How clean is Muhammad? The one-time school teacher has certainly attracted foreign investment to the state, streamlined its bureaucracy and modernized its infrastructure. He has also made some controversial decisions. Last year, for instance, he infuriated many women by dropping a requirement that a man needs to get his wife’s permission before entering a subsequent marriage. There have been some questionable dealings in his past too. In early 1992, Muhammad had to deflect claims that he accepted $4 million from a property developer.

Now Muhammad faces his toughest challenge. There have already been conflicting explanations as to why he was carrying so much cash. A few days after the arrest, Selangor UMNO deputy liaison chairman Abu Hassan Omar said Muhammad had told him on the phone that “the money was for shopping.” Soon after that, a spokesman from the chief minister’s own office maintained that nothing of that nature was implied in the telephone conversation, and that Muhammad did not say the money belonged to him.
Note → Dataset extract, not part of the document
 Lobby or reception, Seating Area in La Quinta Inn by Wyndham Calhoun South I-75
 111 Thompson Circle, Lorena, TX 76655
Muhammad will have to appear in an Australian court March 21. He is to face charges that could lead to forfeiture of the money, a fine and up to five years in jail. Until then, it appears he will keep his posts as Selangor chief and UMNO vice president. Just how Mahathir handles this case will be the key. Muhammad has already submitted a report on his arrest to the prime minister. Others would like to see much more. “There’s definitely a need for Muhammad to show some public accountability by declaring his assets,” says DAP leader Lim Kit Siang. “Otherwise, the PM’s tears would have been in vain.”